The 'sushi train' refers to the conveyor belt structure that loops around the restaurant. Dinners sit in a loop around the 'train', single chairs on one side and booths on the other. The booths are hot property, they're great if you've got a large group, but there aren't many of them and you could be waiting a while if you want to grab one. The single seats usually free up in groups of one or two, so if you're dining solo or in a couple you'll get in much quicker.
The dishes that make their way along the train are all on colour-coded plates. The amount you pay depends on the colour. Dishes start at around $3 for the simpler rolls, some sashimi plates are around $8, and udon noodles are between $8-$10. You can spend as little or as much as you'd like, the coloured plates can add up quickly if you're not paying attention.
The range of rolls is a bit more substantial than your regular hole-in-the-wall sushi shops. Of course there are your regulars like salmon, tuna, and teriyaki chicken, but you'll also find soft shell crab rolls and tiger rolls (salmon, crab, avocado, and cucumber, no tiger inside). The takoyaki (octopus puffs) are definitely worth picking up, but don't get them confused with the coro coro croquettes.
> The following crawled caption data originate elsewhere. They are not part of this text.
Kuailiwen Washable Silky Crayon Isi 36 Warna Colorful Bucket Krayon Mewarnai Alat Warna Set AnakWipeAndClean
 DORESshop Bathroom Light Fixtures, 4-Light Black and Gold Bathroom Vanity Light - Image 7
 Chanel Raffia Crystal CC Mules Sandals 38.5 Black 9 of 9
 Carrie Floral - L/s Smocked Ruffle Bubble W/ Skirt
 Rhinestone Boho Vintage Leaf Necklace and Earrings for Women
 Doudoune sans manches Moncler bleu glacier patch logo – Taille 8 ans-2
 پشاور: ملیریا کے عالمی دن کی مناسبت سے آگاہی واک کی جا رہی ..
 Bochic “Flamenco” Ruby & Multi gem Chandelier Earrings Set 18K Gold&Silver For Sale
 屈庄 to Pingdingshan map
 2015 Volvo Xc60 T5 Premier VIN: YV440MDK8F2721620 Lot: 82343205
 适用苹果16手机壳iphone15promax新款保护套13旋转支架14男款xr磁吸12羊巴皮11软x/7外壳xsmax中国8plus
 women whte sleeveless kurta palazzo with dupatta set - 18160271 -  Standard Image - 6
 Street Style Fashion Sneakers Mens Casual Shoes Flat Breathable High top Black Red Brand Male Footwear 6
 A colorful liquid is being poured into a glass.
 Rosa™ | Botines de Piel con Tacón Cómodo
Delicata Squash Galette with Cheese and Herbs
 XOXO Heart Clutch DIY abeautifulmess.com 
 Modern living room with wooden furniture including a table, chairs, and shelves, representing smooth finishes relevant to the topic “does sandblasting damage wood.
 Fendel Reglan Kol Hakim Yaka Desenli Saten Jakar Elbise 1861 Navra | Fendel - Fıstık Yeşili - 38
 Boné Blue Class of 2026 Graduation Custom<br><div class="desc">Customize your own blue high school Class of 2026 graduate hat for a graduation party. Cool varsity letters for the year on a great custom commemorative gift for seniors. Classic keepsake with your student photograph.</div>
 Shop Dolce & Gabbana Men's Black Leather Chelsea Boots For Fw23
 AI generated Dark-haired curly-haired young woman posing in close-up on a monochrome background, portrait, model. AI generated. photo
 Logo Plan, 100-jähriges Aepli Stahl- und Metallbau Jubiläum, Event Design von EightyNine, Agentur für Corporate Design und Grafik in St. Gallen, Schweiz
They both look pretty similar, and while there is nothing wrong with the croquettes they're not as tasty as a plate of takoyaki.
If you're watching the train but can't find your favourite dish, don't despair. Every seat has a menu, you can order a dish you haven't seen and it'll get delivered to your table instead. The same goes for any drinks you want during your meal. You can also order aburi 'flamed grilled sushi', like salmon, scallops, and wagyu.
Sushi Train can be a quick stop if you're just after a snack, or you can come here for a full meal. They even have desserts travelling round their conveyor belt. The line can be off-putting, but if you're after a guarantee that you'll get good quality, fresh sushi, then it's worth it.